R-nvim / R.nvim

Neovim plugin to edit R files
GNU General Public License v3.0
155 stars 16 forks source link

Segmentation Fault in nvimcom When Opening and Closing R Files Without Starting R #209

Closed caeu closed 1 month ago

caeu commented 1 month ago

I’m encountering a segmentation fault with nvimcom on a CentOS 7 remote server when using Neovim 10.1 with the R.nvim plugin, installed using LazyVim. The issue occurs only if I don't start an R session, i.e., when I open an R file in Neovim and then close it without starting an R session. This results in a core dump file being generated.

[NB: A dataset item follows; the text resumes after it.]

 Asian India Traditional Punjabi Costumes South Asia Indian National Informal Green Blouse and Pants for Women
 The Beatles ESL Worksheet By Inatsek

I’ve attempted reinstalling the plugin using both older and more recent versions of GCC, but the issue persists across all attempts, though randomly sometimes it doesn't. Below is the gdb output of the core dump:

GNU gdb (GDB) Red Hat Enterprise Linux 7.6.1-120.el7
Copyright (C) 2013 Free Software Foundation, Inc.
License GPLv3+: GNU GPL version 3 or later <http://gnu.org/licenses/gpl.html>
This is free software: you are free to change and redistribute it.
There is NO WARRANTY, to the extent permitted by law.  Type "show copying"
and "show warranty" for details.
This GDB was configured as "x86_64-redhat-linux-gnu".
For bug reporting instructions, please see:
<http://www.gnu.org/software/gdb/bugs/>...
Reading symbols from /domus/h1/caesar/.local/lib/R_lib/R_pkgs/nvimcom/bin/rnvimserver...(no debugging symbols found)...done.
BFD: Warning: /domus/h1/caesar/R_test/core.38807 is truncated: expected core file size >= 2314240, found: 10240.
[New LWP 38807]
Failed to read a valid object file image from memory.
Core was generated by `/domus/h1/caesar/.local/lib/R_lib/R_pkgs/nvimcom/bin/rnvimserver'.
Program terminated with signal 11, Segmentation fault.
#0  0x00002b5fc2629b81 in ?? ()

P.S. I also R.nvim on a mac with apple silicon with the exact same setup. Haven't notice anything weird, perhaps something needs to be set to get similar dump file, or I don't know where to look.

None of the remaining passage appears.